A form letter slipped under his door last month gave florist Wayne Schroder his first word that the three-bedroom apartment he rents in Alexandria's Fort Ward Towers complex might be going condominium.
For Schroder, the news was particularly unwelcome. Two years earlier, Schroder says, he moved out of a building in the District that was being converted and he had hoped his new place in Alexandria would be secure.
Instead, the talk these days in the elevators and corridors in Fort Ward Towers is that a McLean-based company, Compson Development, is negotiating rights to convert the 400 unit, 15-story building at 2500 North Van Dorn St.
If approved, the conversion of Fort Ward Towers, which overlooks Shirley Highway, will be the first major condominium conversion in Alexandria since the condo boom died down in 1981.
"There's a lot of people in the same boat that I am, that have been put out of buildings before," Schroder said.
Compson representatives attended a meeting organized by the city's Office of Landlord-Tenant Relations last night to present a plan to tenants in which the company would sell units to tenants at a discount or pay cash to assist in moving elsewhere. Elderly and handicapped tenants would get special breaks, including the option to stay on as renters for three years. Currently, an efficiency at the apartment house rents for $335 per month and a three-bedroom unit for $570.
"Nobody is suggesting that this is not a traumatic . . . situation for you," Bernard Fagelson, an attorney for Compson told the gathering of about 70 tenants.
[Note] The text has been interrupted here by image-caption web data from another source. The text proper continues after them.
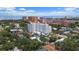 Expansive aerial view featuring the city, waterfront, and surrounding residential areas amid lush greenery at 700 Beach Ne Dr # 606, St Petersburg, FL 33701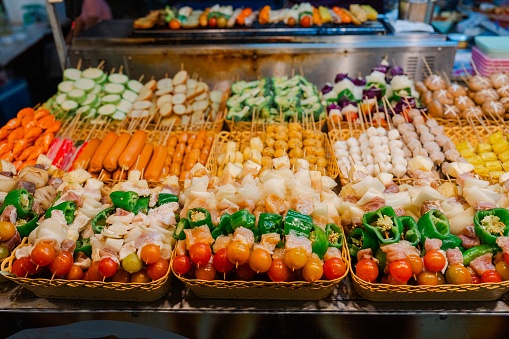 Different skewers on night market in southeast asia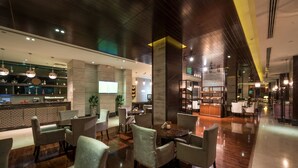 Un moderno vestíbulo de hotel con una zona de bar, espacios para sentarse y una escalera que sube a los pisos superiores.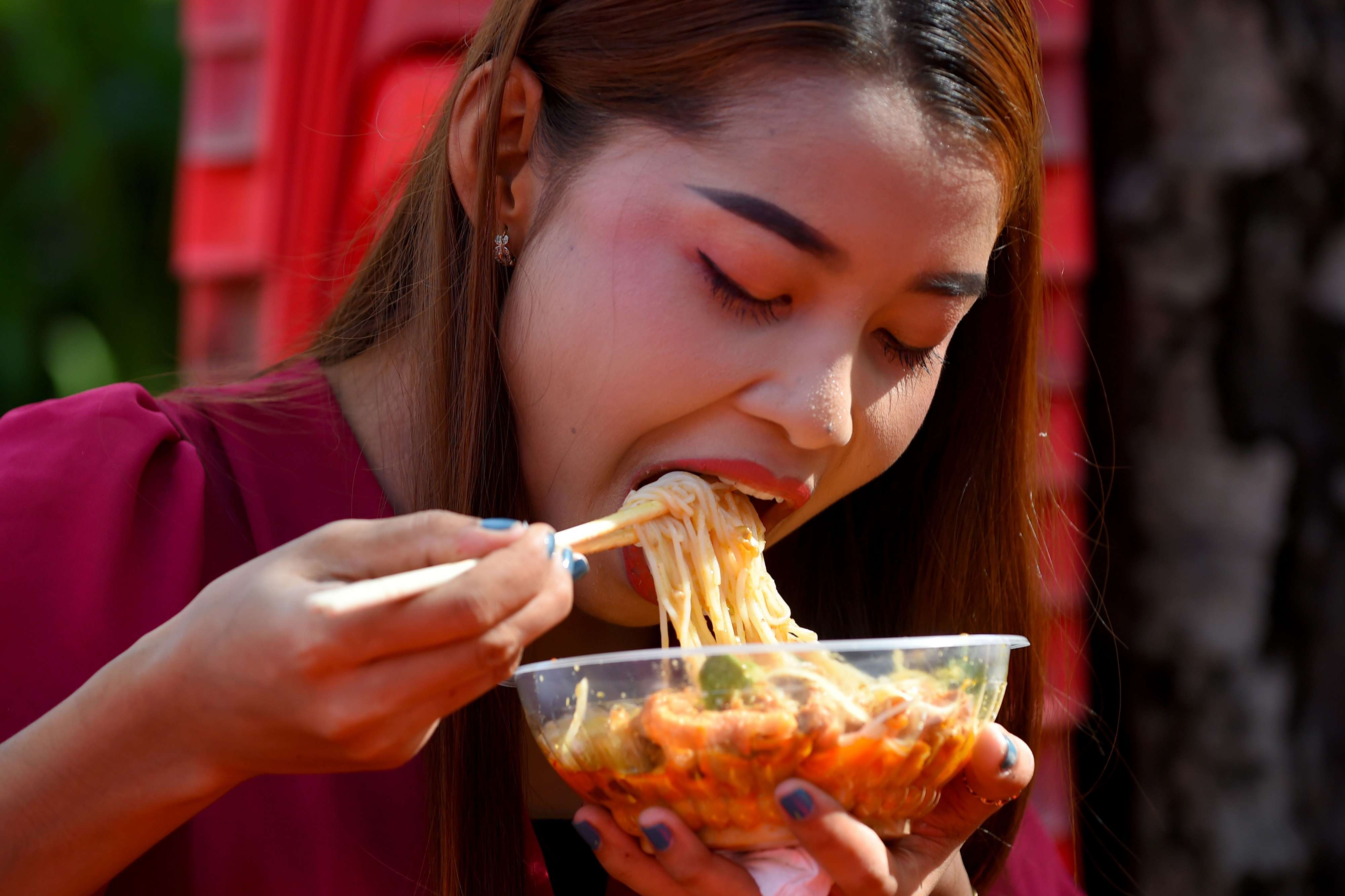 فتاة تأكل المعكرونة في أحد مطاعم كمبوديا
Fagelson faced occasional hostile questions and heckling from those who attended. Questions centered on details of compensation and many indicated that tenants were seriously thinking of buying their apartments. The issue of whether the building should be converted at all was not addressed by the tenants who spoke.
Tenant Charlotte Gillen said that compensation for those who elected to move out was not sufficient to pay a moving company. Sam Indolfi, a 10-year resident of the building, said residents with seniority should have first pick of what unit they would buy. When Fagelson said he could not say with certainty how much fees and property taxes elderly and handicapped people who elected to stay on for three years would have to pay, members of the audience hooted in derision.
After two hours, the Landlord-Tenant Relations Board rejected the developer's compensation plan until he clarifies about 50 points raised during the meeting. Another public hearing is scheduled for a week from today.
Plans to convert Fort Ward Towers to condominium apartments must be approved by the Alexandria City Council. Vice Mayor James Moran predicted yesterday that the council would pass the plan.
The building has no tenants' association, making it difficult to measure the tenants feelings about the conversion plans. But at previous meetings between developers and tenants, particular concern has been expressed over elderly and handicapped residents, who Compson vice president James Comparato estimates occupy about 50 of the 400 units.
Alexandria now requires developers to aid tenants disrupted by a conversion. Under the plan proposed by Compson, which must be approved by the City Council, tenants who move would get one-time payments of at least $305 for an unfurnished efficiency and $440 for a three-bedroom unit. People 62 years old or older and the handicapped would get double those rates.
Tenants choosing to buy would get discounts of 15 percent on the sale price for unrenovated units and 7.5 percent for renovated ones. Elderly and handicapped would get an additional 2.5 percent discount.
Elderly and handicapped would also have an option to remain as tenants for three years, with condominium fees and real estate taxes added to their rents. Otherwise, Compson has agreed to try to set up those tenants for three years at comparable rental units elsewhere and pay for the move.
"We feel the plan we have offered has far surpassed plans offered previously in the city of Alexandria," Comparato said yesterday.
But some tenants see it as ungenerous. "Three years and condominium fees and the real estate taxes--that's no advantage," said an elderly woman tenant who declined to give her name. She said that at her age she was not interested in buying.
Comparato said his company plans to extensively renovate the building, which opened in 1966, and to price units from the high $30,000s to the high $80,000s.
Like other area jurisdictions, Alexandria underwent a condominium boom in the late 1970s that was snuffed out by high interest rates and a recession. "We feel confident that the economic recovery is going to spur sales in the condominium market," Comparato said.